Peat Alternatives Timeline

The CC Lab plans to develop educational materials in collaboration with several peat alternative producers to target non-professional consumers of peat products, such as amateur gardeners and houseplant owners, who buy small volumes of potting soils. These materials will include life-cycle analyses (LCAs) quantifying the embodied carbon emissions of peat-based products and comparing them with peat alternatives. Subsequently, the CC Lab will conduct outreach efforts to connect with professional growers, such as farms and nurseries, to determine what incentives would be required to convince these industries to make the switch, and to implement them.


Identify commercially available peat alternative products


Reach out to current producers & consumers of peat products and alternatives


Develop partnerships for market development


Develop an educational effort on peat alternatives for consumers


Partner with industries to switch to peat alternative products

Better choices for the climate

In North America, peat is extracted primarily for horticultural use. Peat products are used in potting soil blends, in tree nurseries, to grow mushrooms and vegetables, and on golf courses. Effective and cost-efficient alternatives to peat are available on the market, but do not have widespread adoption. 

Peat-alternative producers expect that as consumers learn how peat extraction harms fragile ecosystems and the climate, they will be more inclined to choose peat-free products. 

For household gardeners, switching to peat-free products may be an easier choice. However, it will be significantly more difficult, but potentially more impactful, to prompt commercial growers to choose peat-free soil blends.

Plant and lichen community growing in a peat bog. As Sphagnum mosses decompose, they form layers of peat which can be many meters deep. CC Lab, 2019.
Plant and lichen community growing in a peat bog. As Sphagnum mosses decompose, they form layers of peat which can be many meters deep. CC Lab, 2019.

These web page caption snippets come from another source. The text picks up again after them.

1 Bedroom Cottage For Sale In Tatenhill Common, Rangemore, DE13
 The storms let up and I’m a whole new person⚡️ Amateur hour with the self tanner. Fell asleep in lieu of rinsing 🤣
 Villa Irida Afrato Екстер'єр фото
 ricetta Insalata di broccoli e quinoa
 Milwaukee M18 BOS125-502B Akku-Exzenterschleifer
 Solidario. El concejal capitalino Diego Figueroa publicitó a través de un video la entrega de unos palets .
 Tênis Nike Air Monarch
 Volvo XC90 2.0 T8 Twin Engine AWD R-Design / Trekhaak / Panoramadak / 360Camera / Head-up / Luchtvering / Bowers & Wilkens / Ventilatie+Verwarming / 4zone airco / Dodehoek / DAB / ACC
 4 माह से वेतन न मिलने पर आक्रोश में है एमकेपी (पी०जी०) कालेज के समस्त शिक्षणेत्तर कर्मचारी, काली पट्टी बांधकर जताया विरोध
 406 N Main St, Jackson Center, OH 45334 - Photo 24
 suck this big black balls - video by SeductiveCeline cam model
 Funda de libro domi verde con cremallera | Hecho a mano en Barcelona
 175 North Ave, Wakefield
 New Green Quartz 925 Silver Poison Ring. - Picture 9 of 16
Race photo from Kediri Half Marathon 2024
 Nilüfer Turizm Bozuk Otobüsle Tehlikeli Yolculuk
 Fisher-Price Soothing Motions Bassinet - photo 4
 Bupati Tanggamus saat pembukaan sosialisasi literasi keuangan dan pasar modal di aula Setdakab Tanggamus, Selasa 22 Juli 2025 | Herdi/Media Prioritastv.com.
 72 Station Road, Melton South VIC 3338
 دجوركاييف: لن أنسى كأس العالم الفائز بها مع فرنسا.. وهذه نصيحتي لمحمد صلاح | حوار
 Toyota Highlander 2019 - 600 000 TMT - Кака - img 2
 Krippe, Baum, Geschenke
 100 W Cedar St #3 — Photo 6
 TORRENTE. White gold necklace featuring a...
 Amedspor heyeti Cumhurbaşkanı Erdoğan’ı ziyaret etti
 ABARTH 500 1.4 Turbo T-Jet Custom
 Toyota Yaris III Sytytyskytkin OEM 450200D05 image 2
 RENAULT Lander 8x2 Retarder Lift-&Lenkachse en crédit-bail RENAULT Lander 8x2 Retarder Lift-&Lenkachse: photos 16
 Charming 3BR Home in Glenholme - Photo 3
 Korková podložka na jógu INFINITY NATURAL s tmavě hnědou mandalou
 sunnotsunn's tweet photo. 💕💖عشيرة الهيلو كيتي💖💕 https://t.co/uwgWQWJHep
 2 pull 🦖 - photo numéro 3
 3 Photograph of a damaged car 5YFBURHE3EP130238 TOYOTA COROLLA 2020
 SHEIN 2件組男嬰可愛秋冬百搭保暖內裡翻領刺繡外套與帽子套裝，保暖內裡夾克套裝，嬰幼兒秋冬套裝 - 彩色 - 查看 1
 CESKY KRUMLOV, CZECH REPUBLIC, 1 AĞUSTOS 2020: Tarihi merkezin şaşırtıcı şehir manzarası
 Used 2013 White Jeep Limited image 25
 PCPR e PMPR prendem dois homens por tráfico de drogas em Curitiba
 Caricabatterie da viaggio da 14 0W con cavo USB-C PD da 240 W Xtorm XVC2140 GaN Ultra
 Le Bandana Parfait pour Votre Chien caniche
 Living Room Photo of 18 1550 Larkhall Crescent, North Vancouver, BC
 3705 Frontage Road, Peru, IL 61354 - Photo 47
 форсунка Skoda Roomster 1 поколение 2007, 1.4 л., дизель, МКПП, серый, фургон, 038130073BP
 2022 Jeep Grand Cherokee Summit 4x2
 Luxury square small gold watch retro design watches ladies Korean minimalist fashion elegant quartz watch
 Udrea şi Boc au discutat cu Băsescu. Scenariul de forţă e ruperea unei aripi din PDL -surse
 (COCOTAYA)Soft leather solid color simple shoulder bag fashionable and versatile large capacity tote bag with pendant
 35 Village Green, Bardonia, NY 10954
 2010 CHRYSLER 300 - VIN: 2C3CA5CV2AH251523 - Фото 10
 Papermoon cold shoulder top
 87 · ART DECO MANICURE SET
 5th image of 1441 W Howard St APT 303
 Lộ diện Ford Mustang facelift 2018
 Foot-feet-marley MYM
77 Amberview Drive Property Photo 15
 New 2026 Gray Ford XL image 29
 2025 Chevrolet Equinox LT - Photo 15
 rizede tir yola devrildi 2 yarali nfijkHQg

Read a National Geographic article featuring the CC Lab to learn more

"Potting soil has a dirty secret," National Geographic, 2022.

Risks & Risk Mitigation

Life cycle emissions of peat products vs. peat alternatives

Certain peat alternatives which already exist on the market, for example coconut coir, may have higher carbon footprints than peat because they must be transported across longer distances to reach US markets

A robust LCA, examining all aspects of product extraction, refinement, transport, and post-harvesting site restoration will be needed to determine which alternative products the CC Lab should support.

Market Adoption

Displacing an already entrenched product brings numerous challenges. Slow adoption by consumers and lack of consumer awareness around the issue pose significant challenges. Even if effective alternatives exist, encouraging consumers to switch from a product they have long relied on may be a slow process.